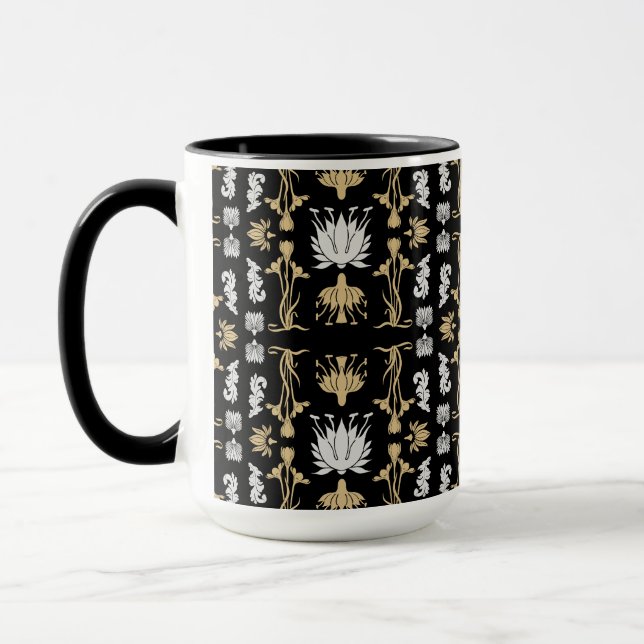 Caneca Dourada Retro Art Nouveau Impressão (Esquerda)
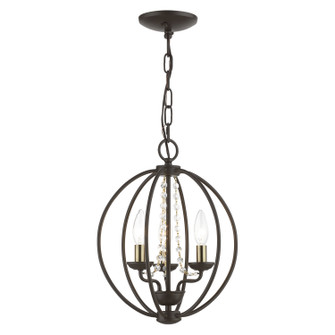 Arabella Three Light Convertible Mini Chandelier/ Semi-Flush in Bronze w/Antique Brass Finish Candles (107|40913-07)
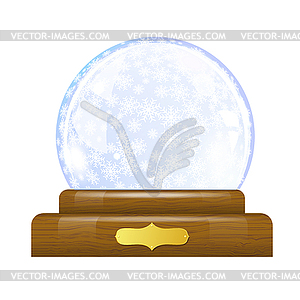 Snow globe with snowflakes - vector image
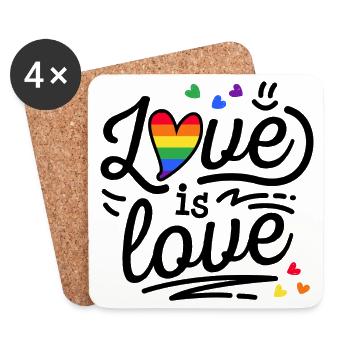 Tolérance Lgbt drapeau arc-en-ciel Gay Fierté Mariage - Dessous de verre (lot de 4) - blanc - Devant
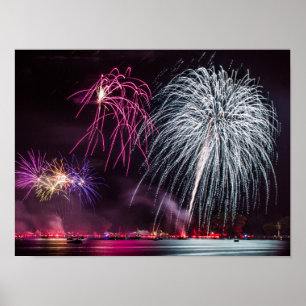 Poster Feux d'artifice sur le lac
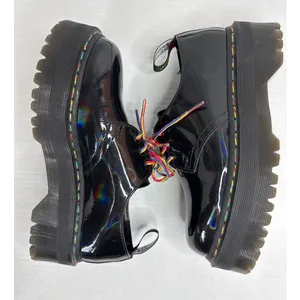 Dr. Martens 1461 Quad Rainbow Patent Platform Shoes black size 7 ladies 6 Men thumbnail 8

--

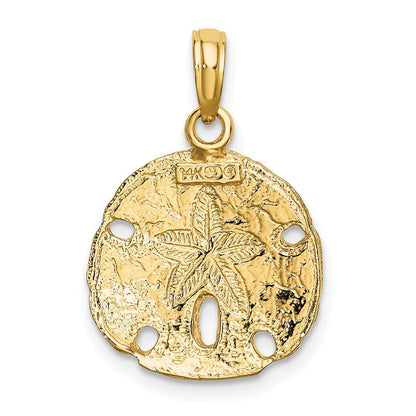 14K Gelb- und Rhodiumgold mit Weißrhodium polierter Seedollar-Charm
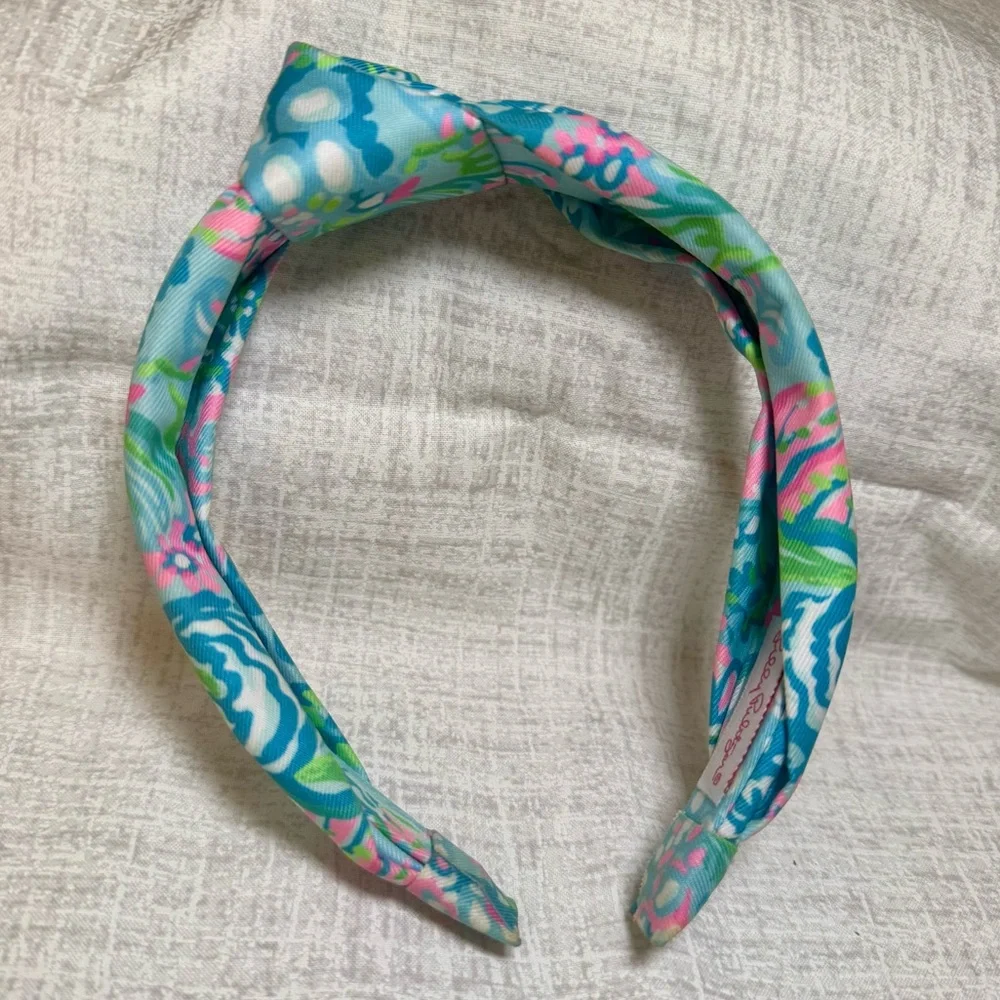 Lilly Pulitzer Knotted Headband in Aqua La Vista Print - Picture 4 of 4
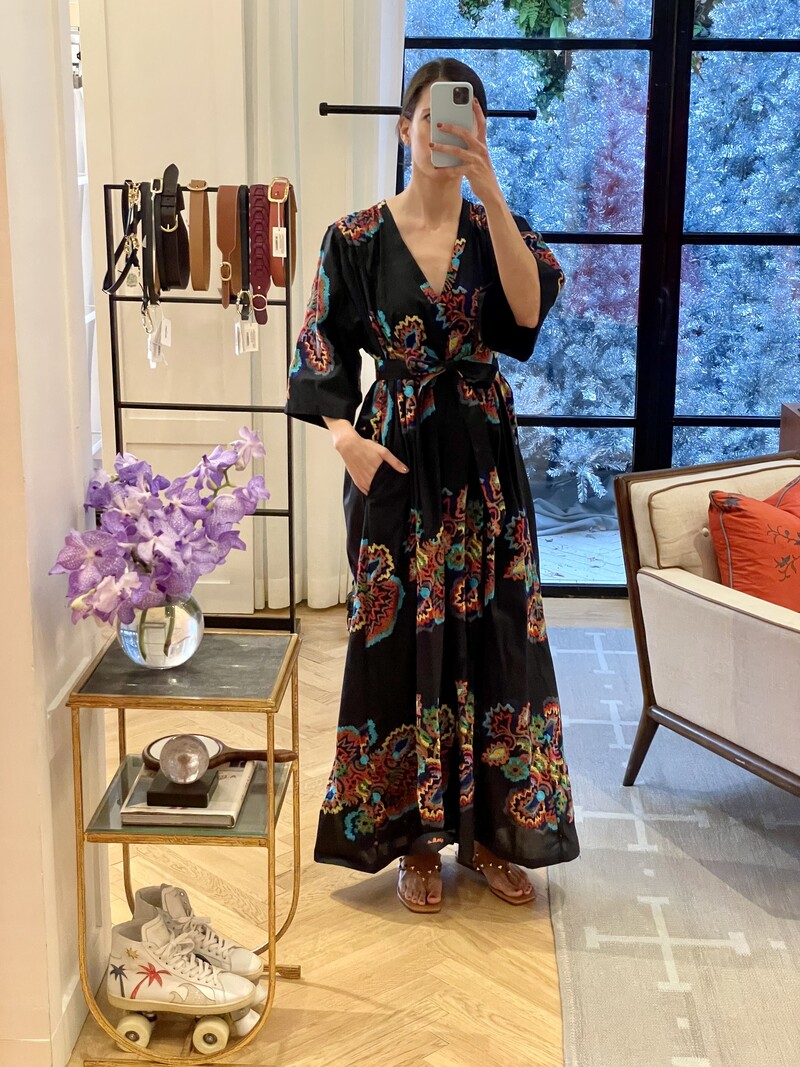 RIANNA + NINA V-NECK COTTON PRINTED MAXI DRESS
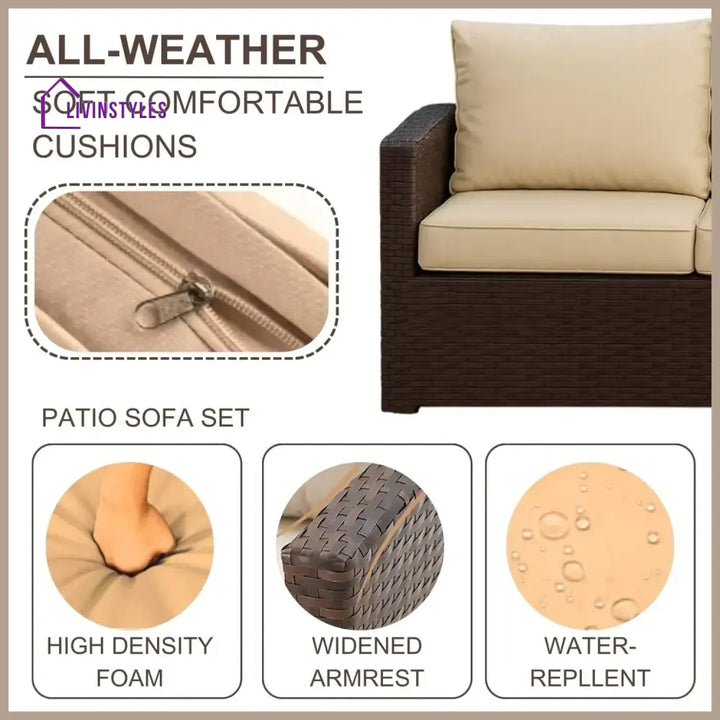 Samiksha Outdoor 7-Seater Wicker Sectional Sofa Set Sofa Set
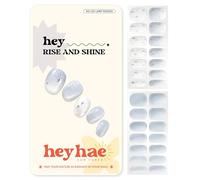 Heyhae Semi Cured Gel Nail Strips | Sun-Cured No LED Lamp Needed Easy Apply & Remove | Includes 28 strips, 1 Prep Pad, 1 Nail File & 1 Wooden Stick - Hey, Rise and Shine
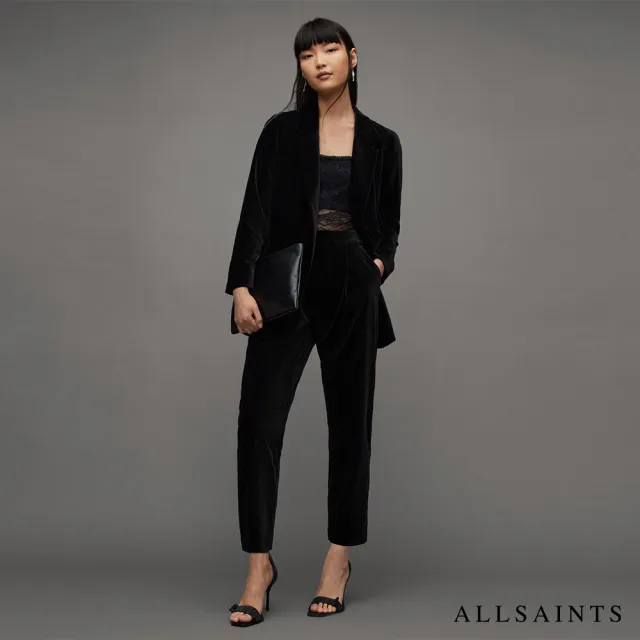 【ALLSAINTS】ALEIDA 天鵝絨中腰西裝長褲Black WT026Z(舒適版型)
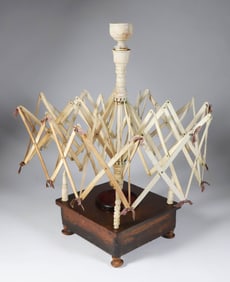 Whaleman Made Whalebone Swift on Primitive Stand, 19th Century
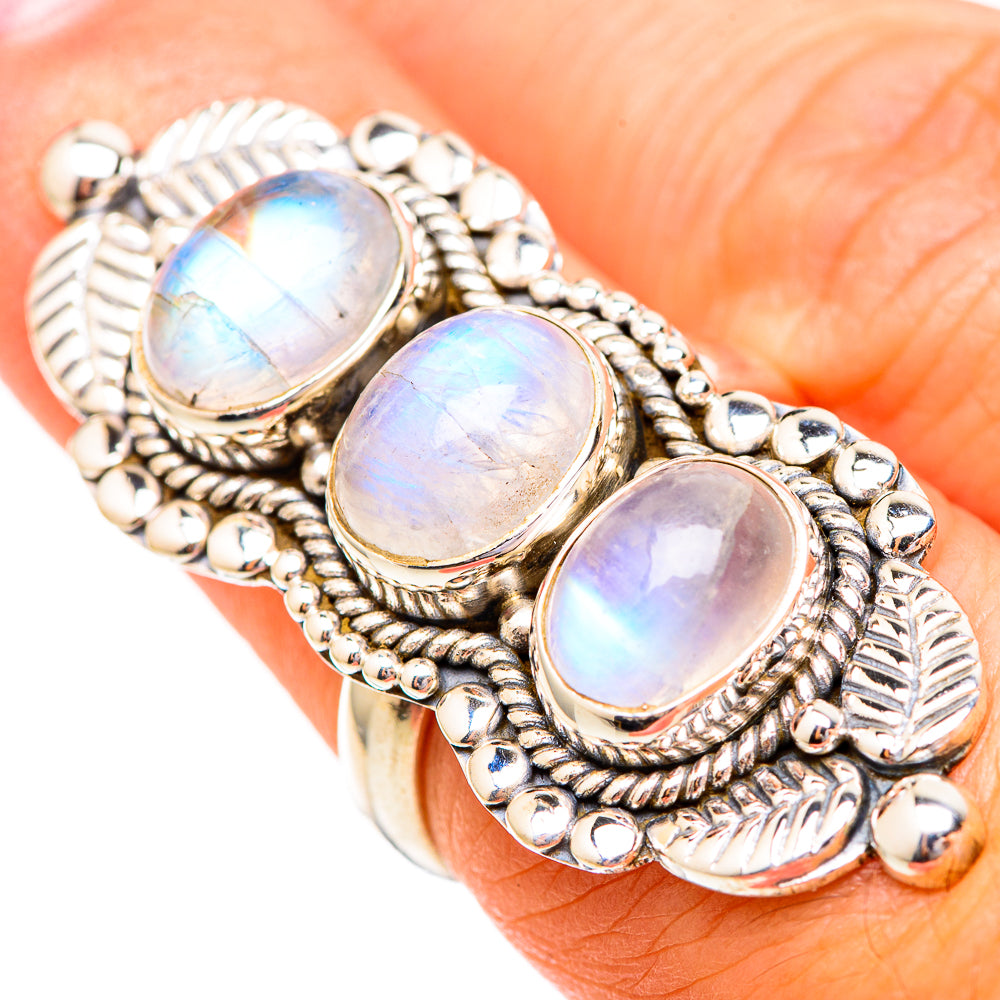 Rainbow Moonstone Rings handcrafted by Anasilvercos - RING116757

*INSTRUCTIONS FOR THE TASK*
Quote word for word only the lines above from the one containing "Snow globe with snowflakes - vector image" through the one containing "Dr. Martens 1461". Pictures stay out of your copy.

*REPLY TO THE EXERCISE*
 Snow globe with snowflakes - vector image
 Tolérance Lgbt drapeau arc-en-ciel Gay Fierté Mariage - Dessous de verre (lot de 4) - blanc - Devant
 Poster Feux d'artifice sur le lac
 Dr. Martens 1461 Quad Rainbow Patent Platform Shoes black size 7 ladies 6 Men thumbnail 8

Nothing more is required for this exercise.